How to Get the Most Out of Your Tax-Saving Funds

Not many people know this, but the Income Tax Department of India has made provisions for citizens to invest in certain financial instruments and schemes that offer tax exemptions. This means that by prudently investing your income, you can significantly reduce the amount of tax payable on your gross annual income. And, the recent income tax return extended due date has given taxpayers more time to align their investments accordingly.

Equity Linked Saving Scheme

One such provision is the Equity Linked Saving Scheme (ELSS), a type of mutual fund that qualifies for tax exemption under Section 80C of the Income Tax Act. Investments in ELSS are locked in for a period of 3 years, and the returns are generally higher than other fixed income instruments. However, it is advisable to compare mutual funds before investing your money in them.

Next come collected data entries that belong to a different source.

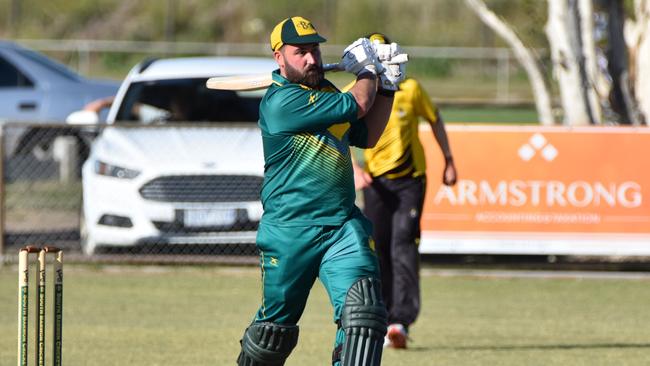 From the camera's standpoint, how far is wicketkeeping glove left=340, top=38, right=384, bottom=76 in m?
6.05

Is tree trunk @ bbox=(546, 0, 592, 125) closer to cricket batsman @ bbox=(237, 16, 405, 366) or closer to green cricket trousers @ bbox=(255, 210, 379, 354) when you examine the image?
cricket batsman @ bbox=(237, 16, 405, 366)

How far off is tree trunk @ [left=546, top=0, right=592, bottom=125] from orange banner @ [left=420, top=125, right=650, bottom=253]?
1.46m

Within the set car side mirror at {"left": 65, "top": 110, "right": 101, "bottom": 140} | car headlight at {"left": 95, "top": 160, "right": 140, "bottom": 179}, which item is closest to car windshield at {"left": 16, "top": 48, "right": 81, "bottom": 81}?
car side mirror at {"left": 65, "top": 110, "right": 101, "bottom": 140}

Here’s how you can get the most out of your tax saving funds:

1. Understand the Tax Saving Provisions:

 The first step to maximizing your tax savings is to have a clear understanding of all tax provisions. For instance, the government, under Section 80C, provides tax benefits up to Rs. 1.5 lakh, that apply to several financial instruments including mutual funds, ELSS, PPF, and others.

2. Select the Right Scheme after Comparing Mutual Funds: 

With a plethora of mutual funds available, it’s essential to compare mutual funds to find the one that suits your financial goals the best. Analyze the performance, fees, tenure, fund manager’s expertise, and other factors before making a decision.

3. Exploit the Extended Due Date: 

The income tax return extended due date could be a big stress buster for taxpayers. This window should be used to usefully channelize finances to take maximum advantage of tax-saving funds.

4. Keep Track of Your Investment Portfolio: 

Regular monitoring of your investment portfolio helps in making necessary adjustments to get maximum returns. Assess the performance of your funds, make suitable asset allocations, and balance the risk and reward.

5. Start Early and Keep Investing:

 The earlier you start, the more time you give your investments to grow. It is beneficial to make investments at the start of the financial year rather than waiting for the last few months.

6. Diversify Your Investments: 

Diversifying your investments not only minimises risk but also ensures good returns. It’s wise to diversify across different asset classes and financial instruments.

In conclusion, to get the most out of your tax saving funds, it’s crucial to understand the tax-saving provisions, compare mutual funds, exploit the income tax return extended due date, and regularly monitor and diversify your investments.

Disclaimer: The information provided here is for informational purposes only. It is always advisable to gauge all the pros and cons when trading in the Indian financial market. Always seek professional advice before making any investment.

See also: app for mutual funds

Summary:

Understanding tax provisions and the benefits of tax-saving funds is the first step to making the most out of your investments. Comparing mutual funds can aid in finding suitable investment schemes. Moreover, the income tax return extended due date provides an opportunity for taxpayers to organise their finances effectively. Regularly monitoring investment portfolios and starting investments early in the year can also optimise tax-saving funds. Lastly, diversifying investments across various asset classes and financial instruments is encouraged to minimise risk and ensure good returns. However, it is always advisable to seek professional advice before making any investment in the Indian financial markets.